Synchronization-induced flat bands in driven-dissipative dimer-waveguide chains

Abstract

Flat bands in driven-dissipative systems offer a route to engineer strongly localized, long-lived excitations, yet their selective population via incoherent pumping remains an open challenge. We study a one-dimensional chain of coupled lasing dimers arranged in a cross-stitch geometry and show that the synchronization regime of the individual dimers, controllable through pump intensity or inter-resonator distance, determines the character of the flat band hosted by the chain. In the in-phase (ferromagnetic) regime, the flat band appears as a subdominant, damped mode in the linear excitation spectrum. In the antiphase (antiferromagnetic) regime, by contrast, the dimers decouple and the flat band becomes the dominant, neutrally stable mode: it corresponds to an infinite family of Goldstone modes arising from the independent phase rotations of non-interacting dimers, and its compact localized states are directly observable in the noise response spectrum.
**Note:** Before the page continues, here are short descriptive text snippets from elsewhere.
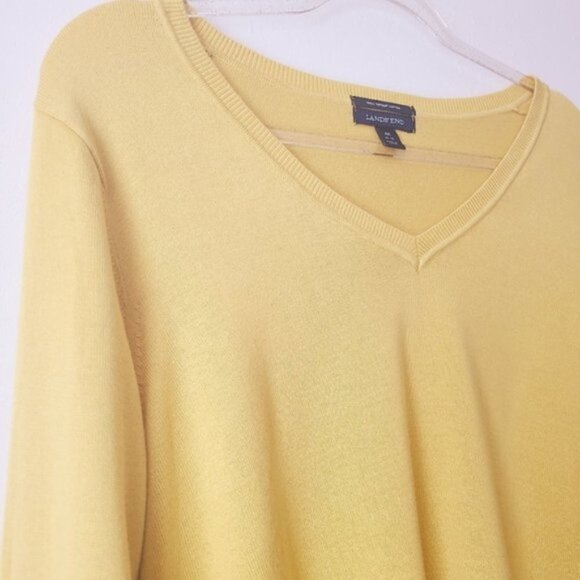 Lands' End | Men's Yellow V-Neck Sweater (Size Medium) - Picture 3 of 8
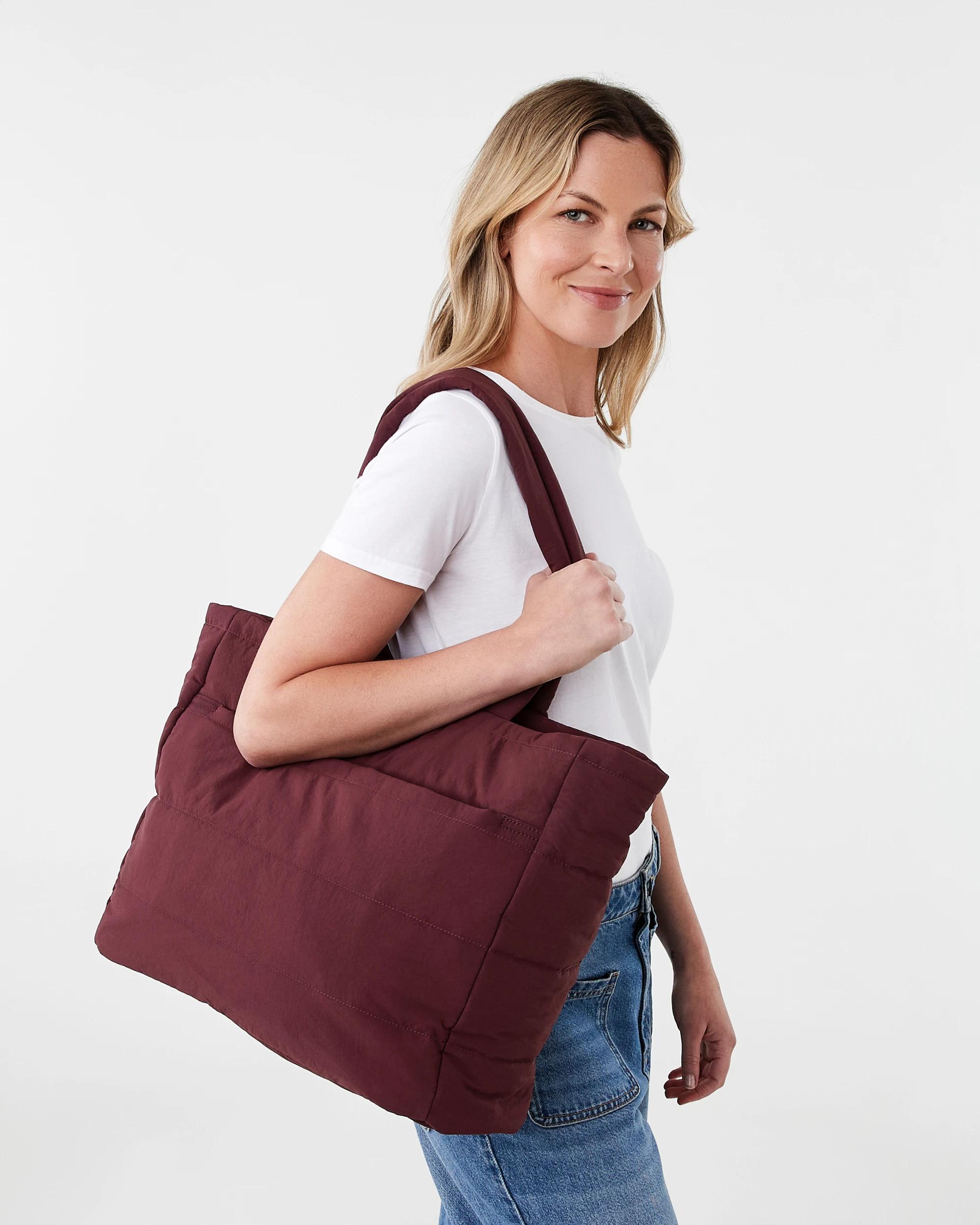 6 Padded Tote Bag Red Plum, 6 of 6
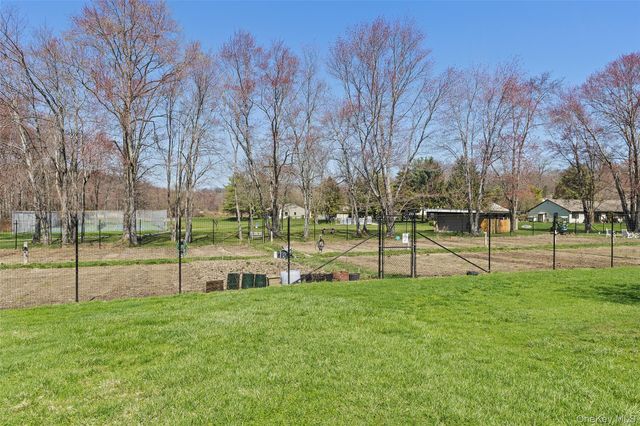 119 Village Road H, Yorktown Heights, NY 10598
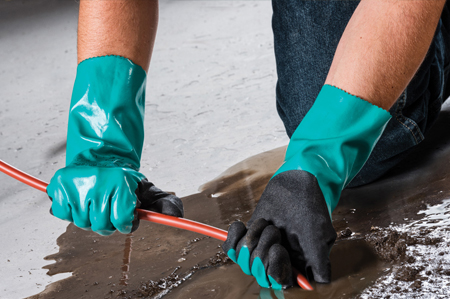 SmartSkin™ Nitrile Gloves
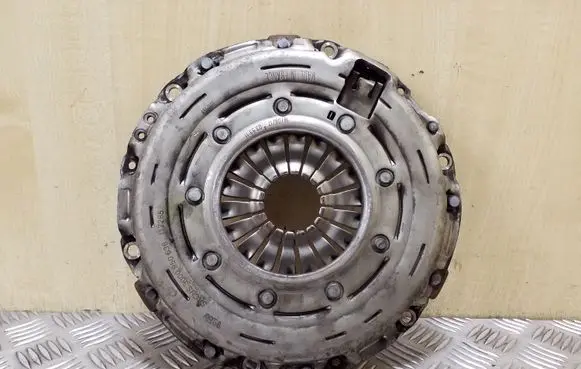 Peugeot 508 Pressure plate 3000950638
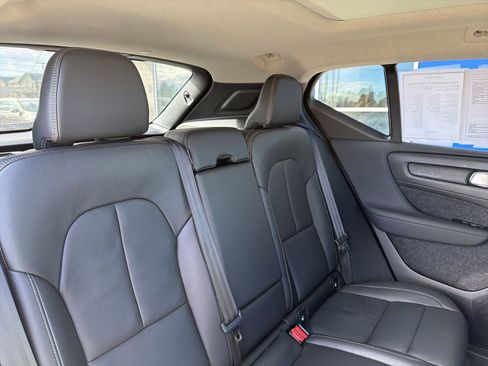 Used 2025 Volvo XC40 B5 Plus image 15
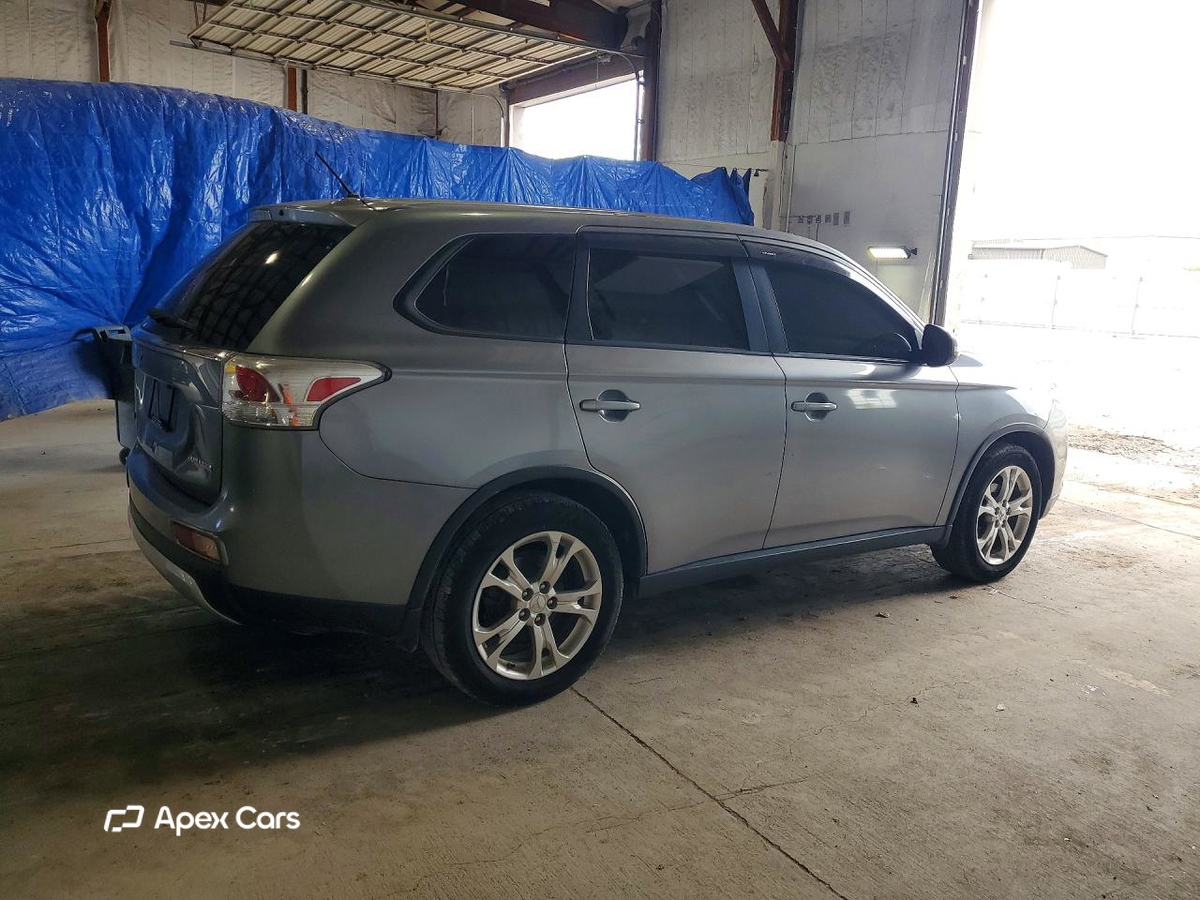Mitsubishi Outlander 2015
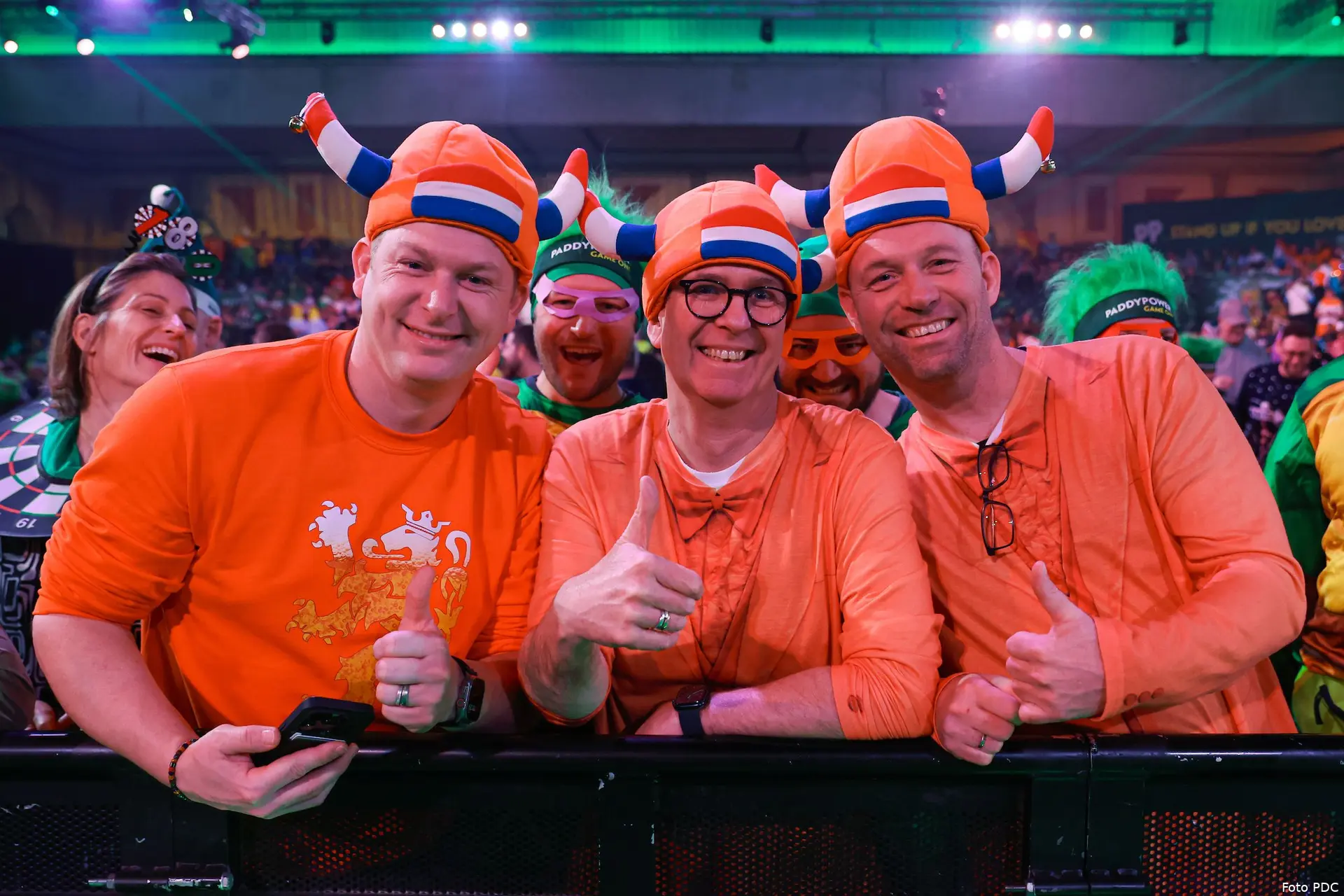 2024wcr3 day12 fans02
Switching between these two regimes via pump control constitutes a pump-induced phase transition of the lasing lattice. Our results establish synchronization engineering as a practical mechanism for selective flat-band population in driven-dissipative optical systems, and open new avenues for studying flat-band physics, including nonlinear effects, Fano resonances, and excitation coherence in experimentally accessible laser and polariton platforms.